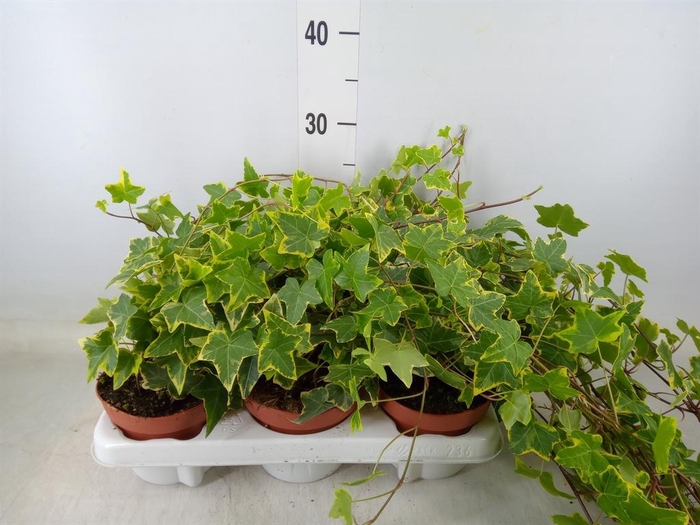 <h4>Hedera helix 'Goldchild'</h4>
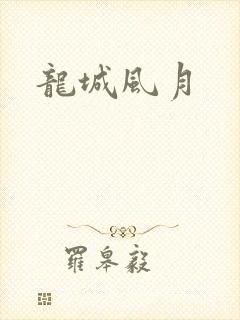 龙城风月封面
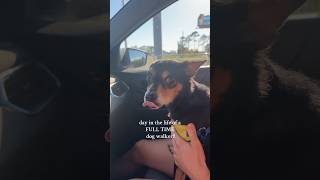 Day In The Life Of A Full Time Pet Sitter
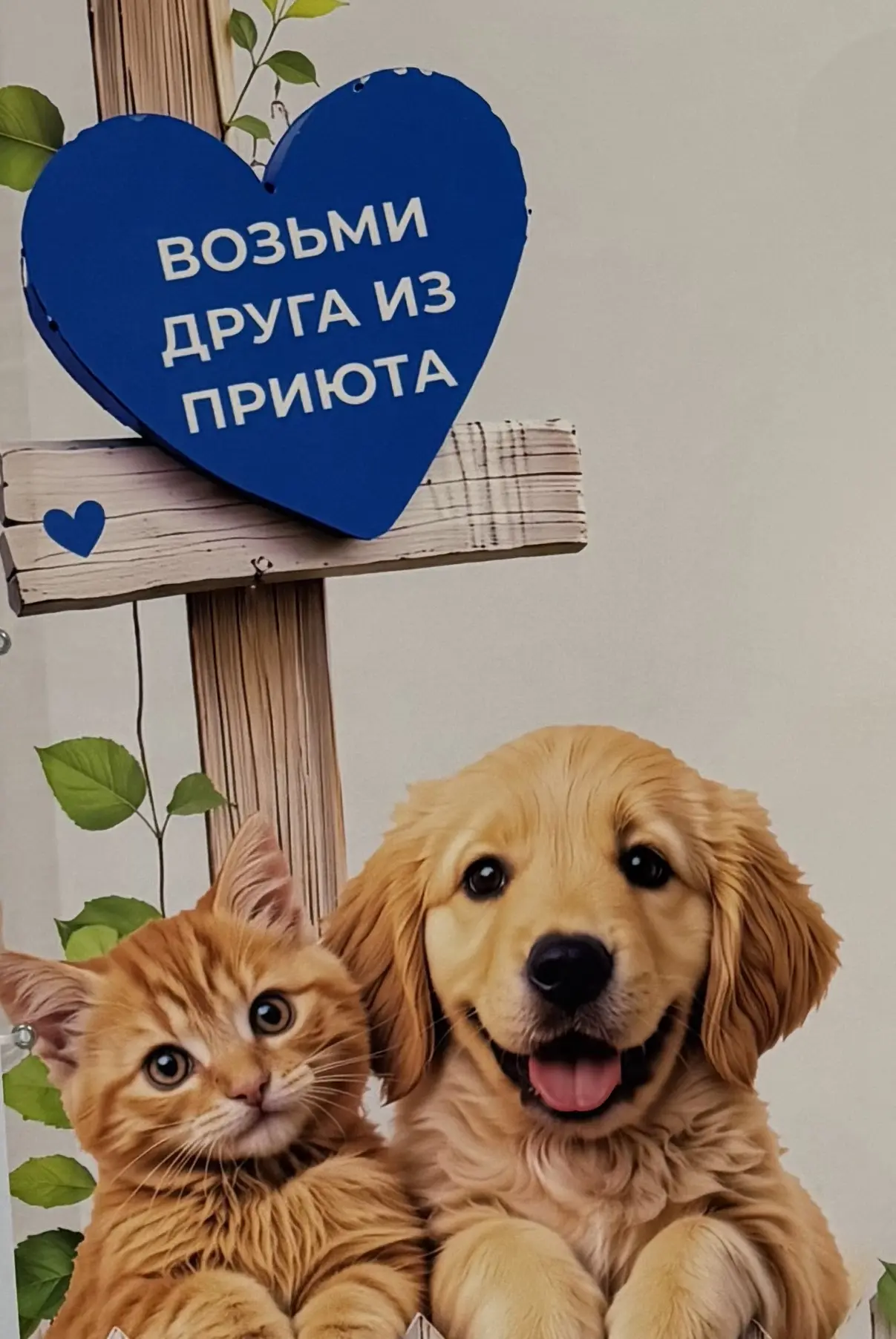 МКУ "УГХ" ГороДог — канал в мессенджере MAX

-------

TASK DETAILS:
Exactly as written above, print every line of the data but not its pictures.

TASK SOLUTION:
 <h4>Hedera helix 'Goldchild'</h4>
 龙城风月封面
 Day In The Life Of A Full Time Pet Sitter
 МКУ "УГХ" ГороДог — канал в мессенджере MAX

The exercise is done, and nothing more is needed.